First Dabblings With Pipelinked Linked Data

One of the promises of the Linked Data lobby is the ability to combine data from different datasets that share common elements, although this ability is not limited to Linked Data (see, for example, Mash/Combining Data from Three Separate Sources Using Dabble DB). In this post, I’ll describe a quick experiment in using Yahoo Pipes to combine data from two different data sources and briefly consider the extent to which plug’n’play data can lower the barriers to entry for exploring the potential of Linked Data.

The datasets I’ll join are both data.gov.uk Linked Data datstores – the transport datastore and the Edubase/Education datastore. The task I’ve set myself is to look for traffic monitoring points in the vicinity of one or more schools and to produce a map that looks something like this:

So to get started, let’s grab a list of schools… The Talis blog post SPARQLing data.gov.uk: Edubase Data contains several example queries over the education datastore. The query I’ll use is derived trivially from one of those examples; in particular, it grabs the name and location of the two newest schools in the UK:
prefix sch-ont: <http://education.data.gov.uk/def/school/&gt;
prefix geo: <http://www.w3.org/2003/01/geo/wgs84_pos#&gt;
SELECT ?school ?name ?date ?lat ?long WHERE {
?school a sch-ont:School;
sch-ont:establishmentName ?name;
sch-ont:openDate ?date;
geo:lat ?lat;
geo:long ?long.
} ORDER BY DESC(?date) LIMIT 2

Pasting the query into the SPARYQL Pipe -map previewer shows a couple of points on a map, as expected.
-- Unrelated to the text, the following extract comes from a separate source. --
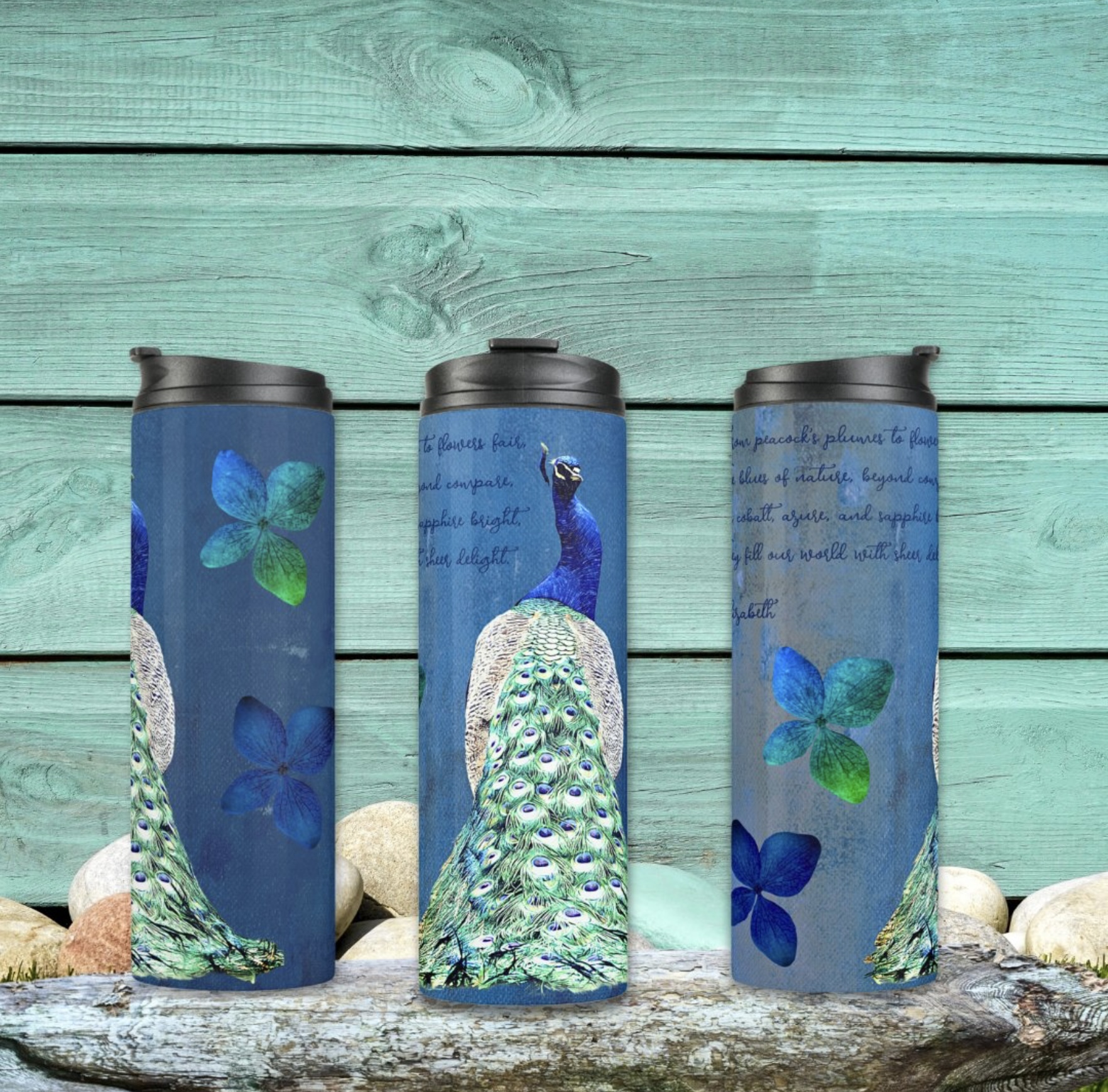 Three-sided view of the Vintage Peacock Custom Thermal Tumbler, showcasing its intricate peacock design and personalized customization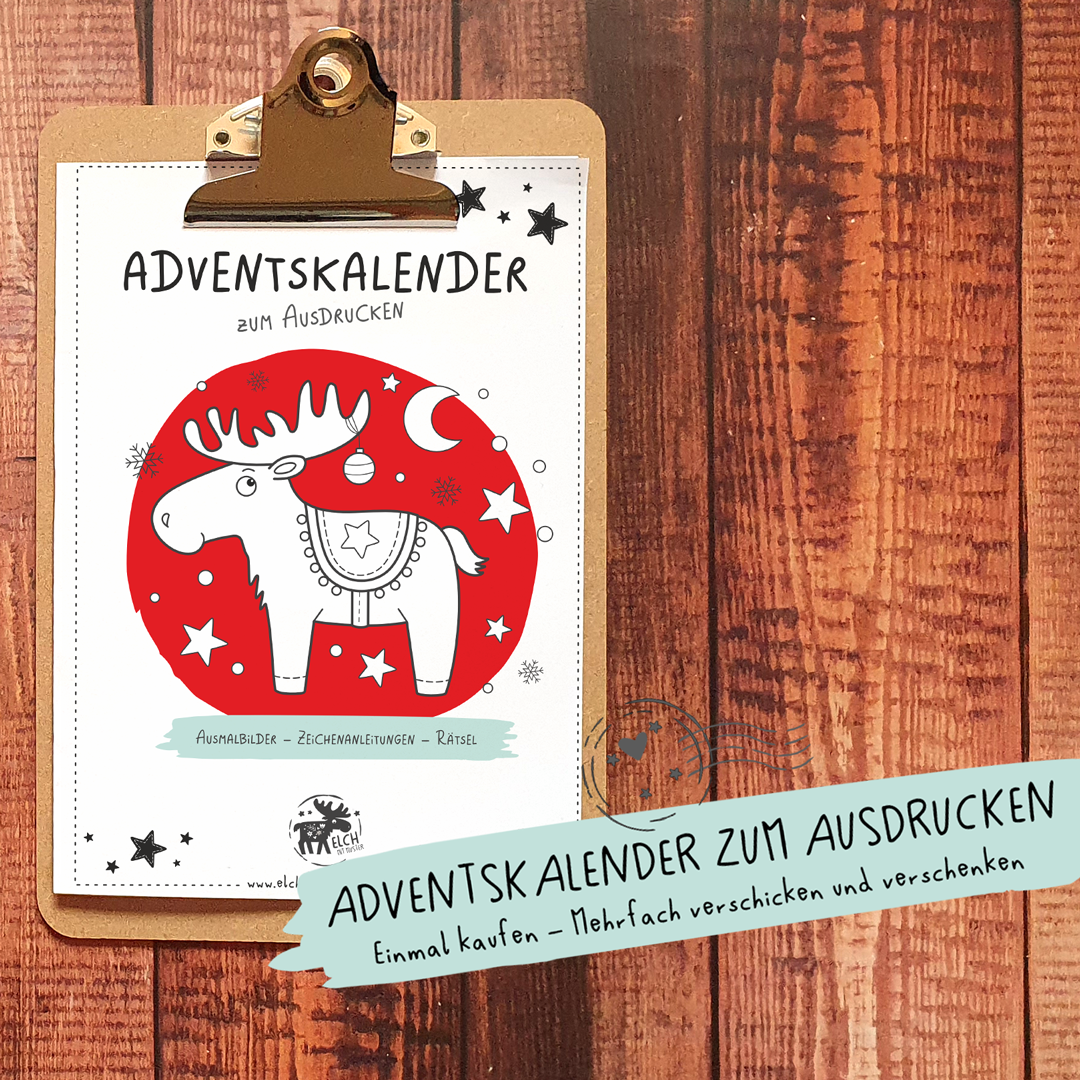 Adventskalender mit Rätseln für Kinder zum Ausdrucken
So how can we look for traffic monitoring points located in the same area as a school? One of the big problems I have with Linked Data is finding out what the shared elements are between data sets (I don’t have a rule of thumb for doing this yet) so it’s time for some detective work – looking through example SPARQL queries on the two datasets, ploughing through the data.gov.uk Google group, and so on. Searching based on lat/long location data, e.g. within bounding box, is one possibility, but it’d be neater, to start with at least, to try to used a shared “area”, such as the same parish, or other common administrative area.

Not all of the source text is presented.